• WORK TO BE COMPLETED
A verbatim repeat of the lines below is required, with the pictures removed.

• RECORDED DATA

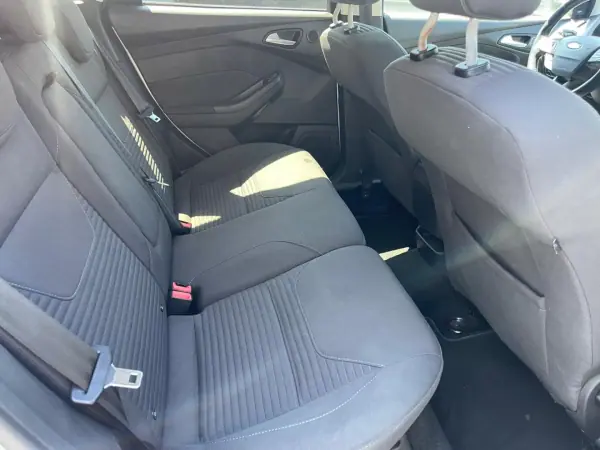 Ford Focus 2015 - 8900 EUR, 137000 km - AUTO.MOTO.pt - 137000km - foto 10 de 13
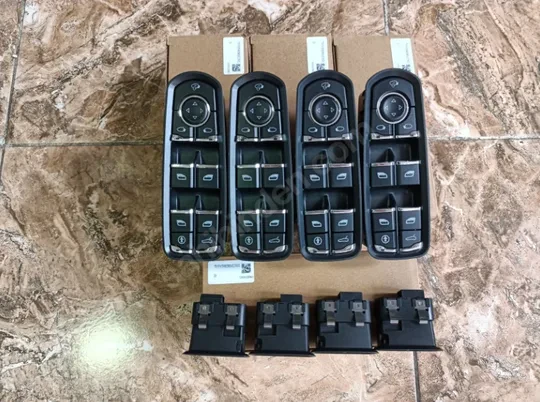 Porsche Panamera 4 Lu Cam Düğmesi 7PP959858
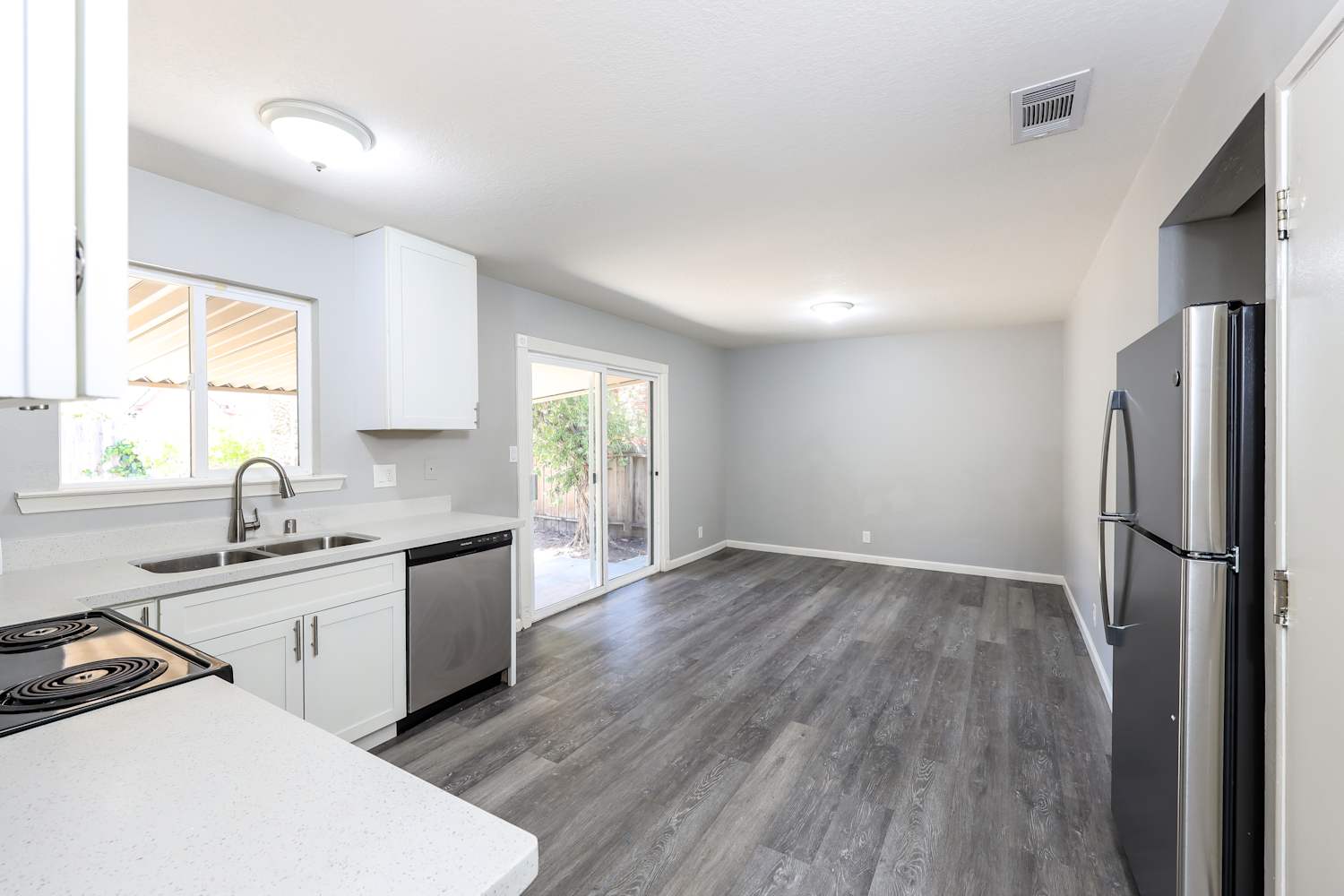 218 Princeton Ave Vallejo photo 8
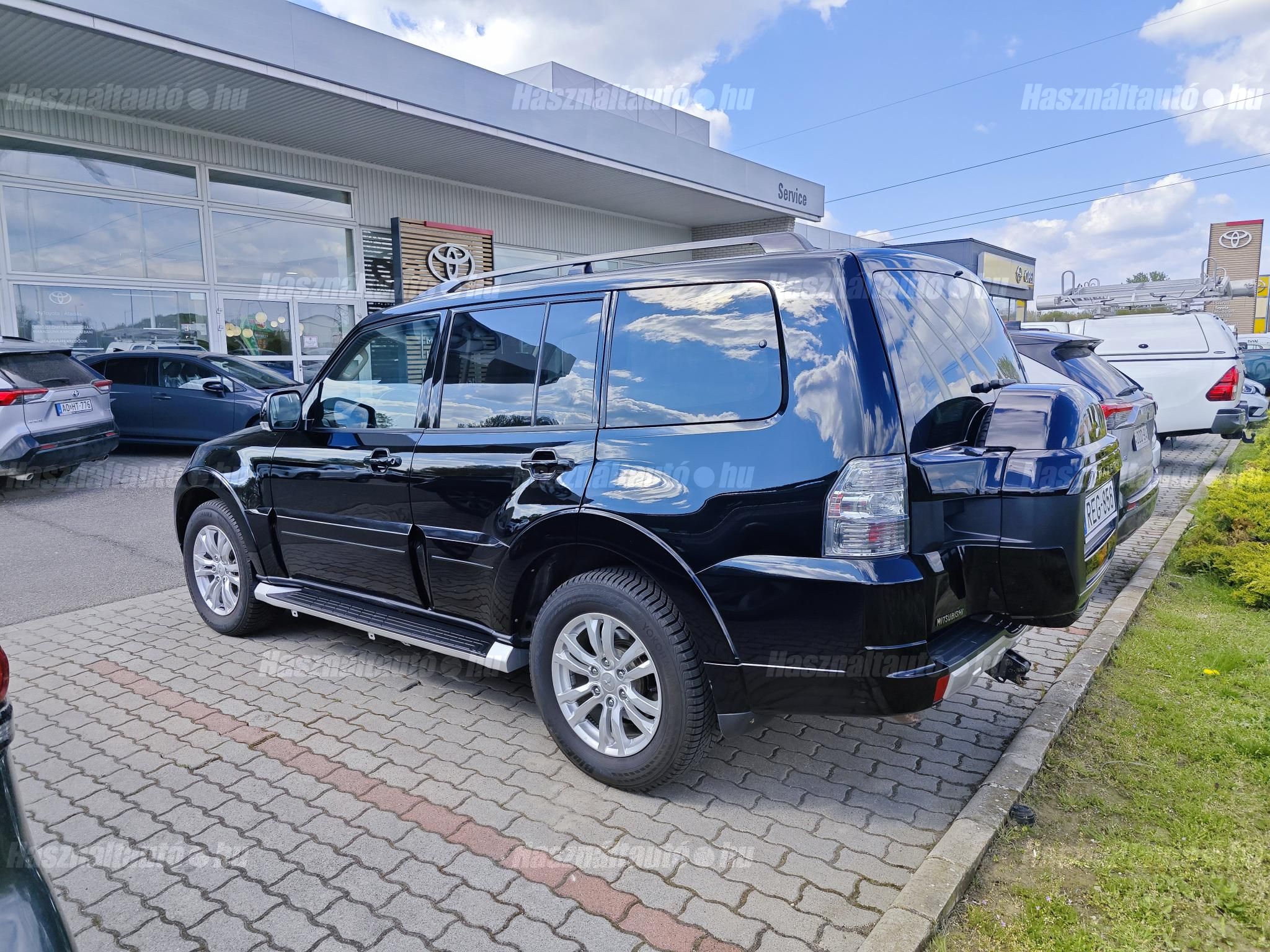 MITSUBISHI PAJERO 2018/11 - 1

• WORKED SOLUTION
 Ford Focus 2015 - 8900 EUR, 137000 km - AUTO.MOTO.pt - 137000km - foto 10 de 13
 Porsche Panamera 4 Lu Cam Düğmesi 7PP959858
 218 Princeton Ave Vallejo photo 8
 MITSUBISHI PAJERO 2018/11 - 1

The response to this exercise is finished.